## Instructions to follow
The answer should consist of each line below that contains the word "just".

## Records for this exercise
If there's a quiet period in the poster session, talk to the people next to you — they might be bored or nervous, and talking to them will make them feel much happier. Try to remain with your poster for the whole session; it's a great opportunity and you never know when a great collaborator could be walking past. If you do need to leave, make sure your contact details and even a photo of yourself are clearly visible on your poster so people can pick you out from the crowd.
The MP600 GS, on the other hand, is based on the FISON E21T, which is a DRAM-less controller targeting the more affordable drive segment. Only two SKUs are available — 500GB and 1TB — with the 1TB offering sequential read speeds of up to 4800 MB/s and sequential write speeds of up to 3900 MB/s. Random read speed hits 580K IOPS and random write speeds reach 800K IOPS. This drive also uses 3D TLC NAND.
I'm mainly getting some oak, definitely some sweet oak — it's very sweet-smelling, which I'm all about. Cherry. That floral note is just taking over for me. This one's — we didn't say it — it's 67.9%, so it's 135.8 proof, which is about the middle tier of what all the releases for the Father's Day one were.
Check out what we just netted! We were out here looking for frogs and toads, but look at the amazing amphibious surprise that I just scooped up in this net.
* * *
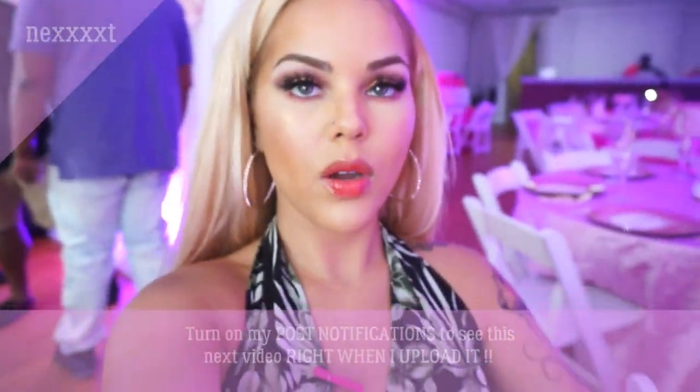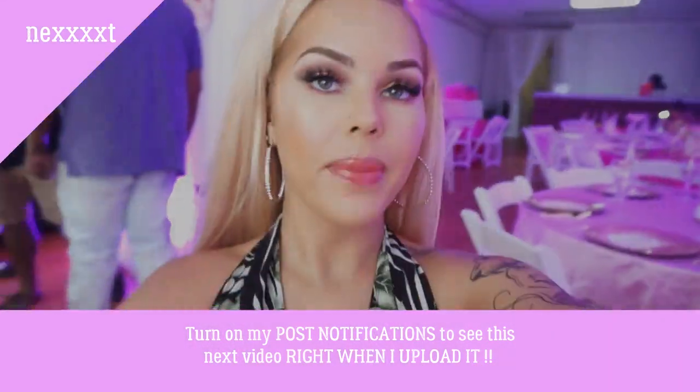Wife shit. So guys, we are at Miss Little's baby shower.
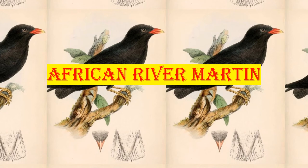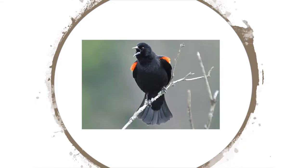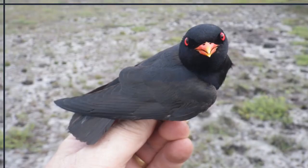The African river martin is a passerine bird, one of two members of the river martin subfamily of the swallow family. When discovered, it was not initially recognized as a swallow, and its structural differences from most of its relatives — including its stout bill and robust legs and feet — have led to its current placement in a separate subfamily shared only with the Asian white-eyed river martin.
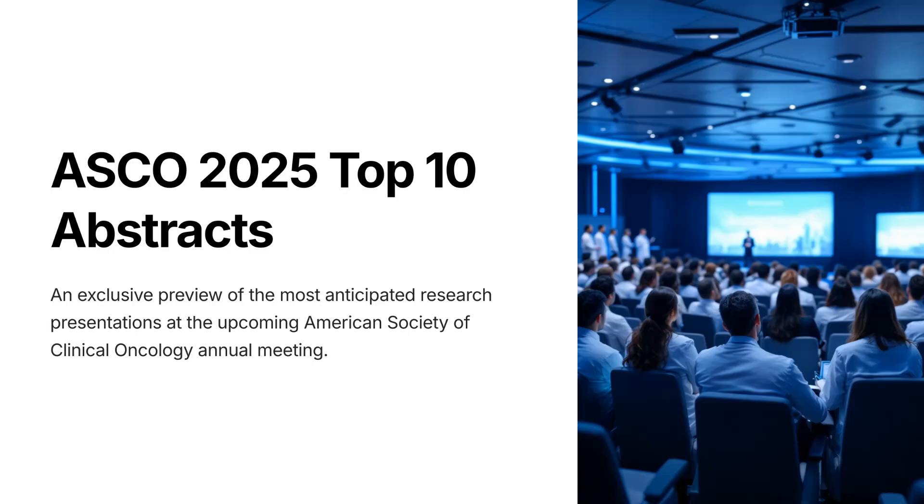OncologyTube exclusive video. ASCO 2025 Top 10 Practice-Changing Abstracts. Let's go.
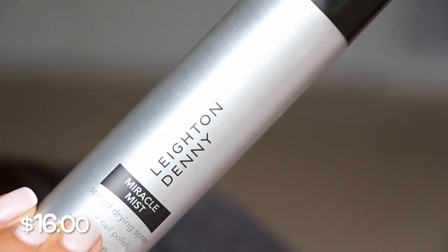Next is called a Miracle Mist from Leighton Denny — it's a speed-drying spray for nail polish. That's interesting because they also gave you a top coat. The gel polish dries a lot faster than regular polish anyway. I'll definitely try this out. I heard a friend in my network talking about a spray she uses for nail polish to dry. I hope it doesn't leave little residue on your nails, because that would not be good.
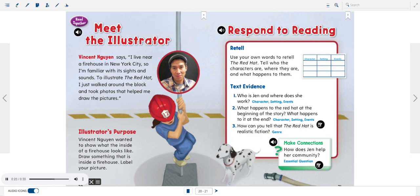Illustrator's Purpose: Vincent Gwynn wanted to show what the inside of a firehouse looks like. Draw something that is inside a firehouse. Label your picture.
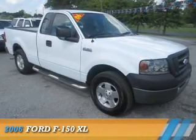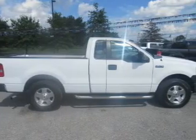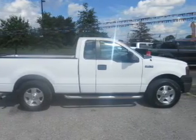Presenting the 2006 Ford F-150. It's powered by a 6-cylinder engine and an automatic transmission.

## Response area
I'm mainly getting some oak, definitely some sweet oak — it's very sweet-smelling, which I'm all about. Cherry. That floral note is just taking over for me. This one's — we didn't say it — it's 67.9%, so it's 135.8 proof, which is about the middle tier of what all the releases for the Father's Day one were.
Check out what we just netted! We were out here looking for frogs and toads, but look at the amazing amphibious surprise that I just scooped up in this net.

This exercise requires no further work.